Zawartość składników odżywczych w mleku kolostralnym jest ogromna! Charakteryzuje się wysoką wartością związków chemicznych. Znajduje się w nim aż 250 naturalnych związków chemicznych. Są to między innymi substancje przeciwbakteryjne, stymulujące układ odpornościowy, immuglobulina, oligosacharydy czy lizozymy. Można w nim znaleźć także wiele witamin, w tym z grup: A, B, D i E. Ma też dużo wapnia i fosforu. Możemy je spożywać w formie mleka i przetworów mlecznych, ale i kupić w formie sproszkowanej albo w tabletkach.
Mleko krowie czy kefir – co jest zdrowsze?
Mleko stanowi dla wielu osób ważny składnik w diecie. Ale jeśli chcemy wycisnąć z niego maksimum składników mineralnych zdecydowanie lepszym rozwiązaniem jest zastąpienie mleka produktami otrzymywanymi w wyniku jego fermentacji. Choć ten proces został opisany dopiero ok. 100 lat temu, znany jest od zarania dziejów. Kiszenie w sposób naturalny powoduje rozkład cukrów i białek (w tym, sprawiającej tyle problemów laktozy), przy czym zachowane zostają właściwości witamin i mikroelementów oraz wysoka zawartość wapnia. Można powiedzieć, że natura pomaga nam w trawieniu, dlatego bez przeszkód możemy się cieszyć tak przetworzonymi produktami mlecznymi.

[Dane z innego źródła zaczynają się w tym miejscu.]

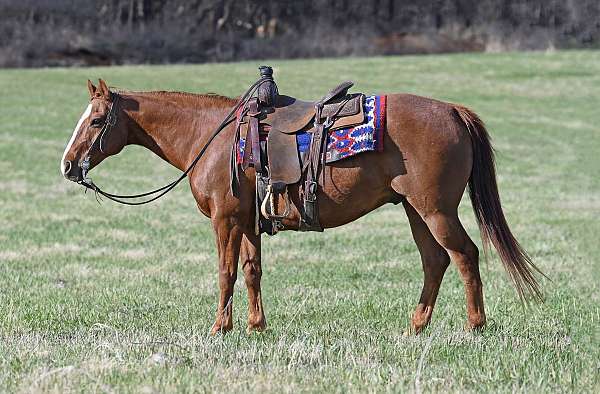 drill-team-quarter-horse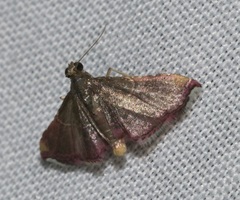 Endotricha minutiptera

Ponadto składniki odżywcze zawarte w zsiadłym mleku, kefirze, maślance, twarogu lub jogurcie naturalnym są świetnie przyswajalne. Wpływają na wydzielanie żółci oraz zawierają kultury bakterii tworzących mikroflorę jelitową. Nadal dostarczają wapnia w diecie, a zawartość białka też jest spora. Jednak u dorosłych osób może to być zdrowszy zamiennik dla krowiego mleka w diecie.
Zwracajmy jednak baczną uwagę na skład wyżej wymienionych artykułów. Naturalne będą świetnym dodatkiem też do diety redukcyjnej. Zawartość tłuszczu w mlekach klasycznych jest większa niż np. w maślance bez dodatków. Nie wybierajmy wersji smakowych, z dodatkiem owoców. Bardzo często w wykazie składników znajdziemy również cukier lub syrop glukozowo-fruktozowy, które mają zdecydowanie odwrotny wpływ na kondycję naszych jelit. Dodatki komponujmy sami, w postaci świeżych lub suszonych owoców oraz przygotowujmy koktajle na bazie maślanek czy kefirów.